**What is being asked**
The whole listing, exactly as given: write it out, leaving out each image.
Data extract Start Marker
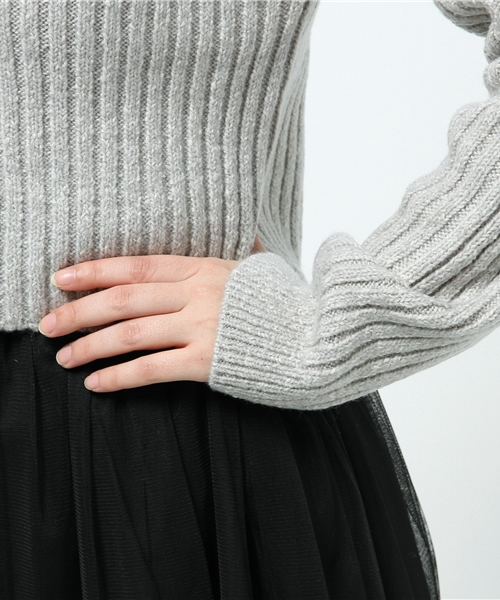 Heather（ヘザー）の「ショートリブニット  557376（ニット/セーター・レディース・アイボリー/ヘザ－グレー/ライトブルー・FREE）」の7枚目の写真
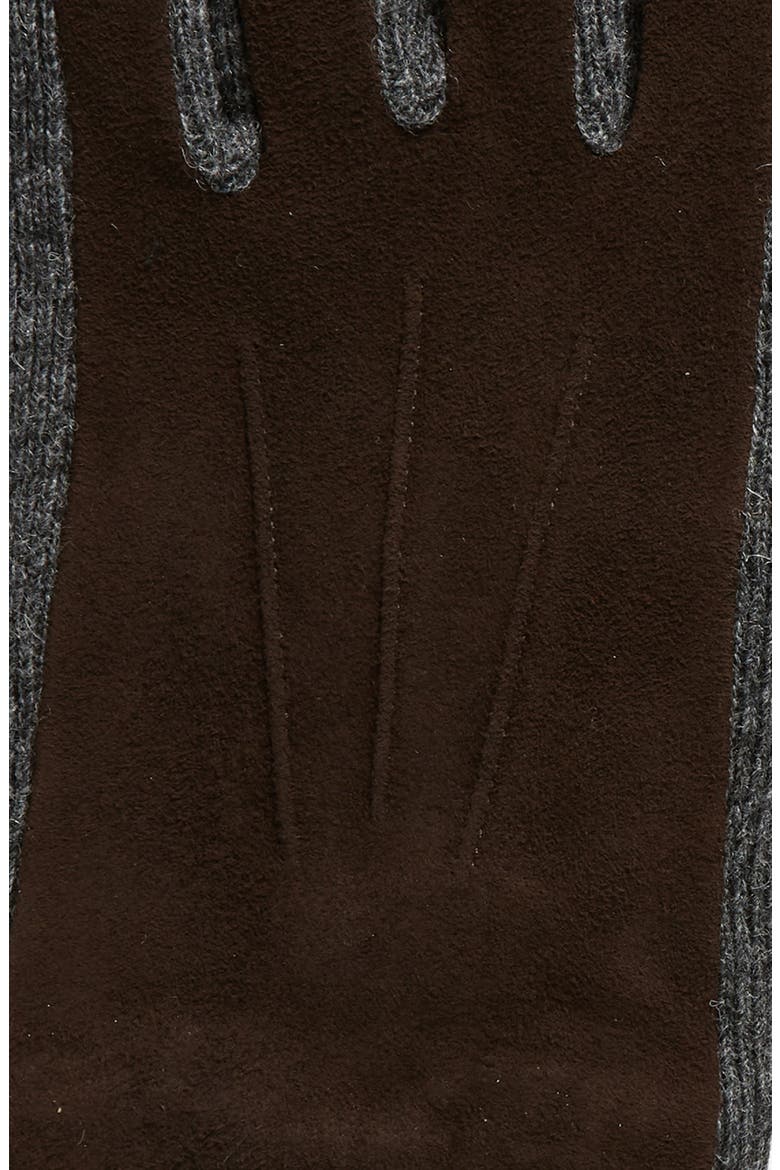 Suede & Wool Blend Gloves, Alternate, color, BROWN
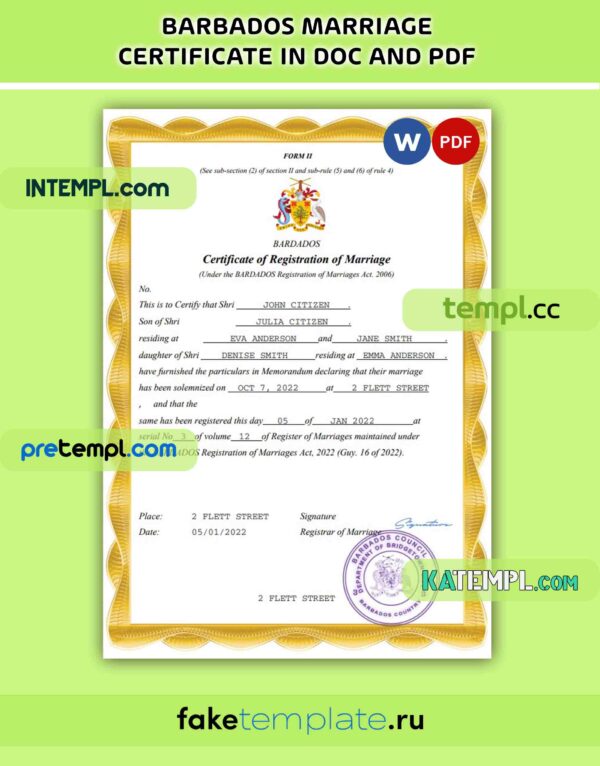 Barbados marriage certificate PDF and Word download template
Data extract End Marker
**Answer to this problem**
 Heather（ヘザー）の「ショートリブニット  557376（ニット/セーター・レディース・アイボリー/ヘザ－グレー/ライトブルー・FREE）」の7枚目の写真
 Suede & Wool Blend Gloves, Alternate, color, BROWN
 Barbados marriage certificate PDF and Word download template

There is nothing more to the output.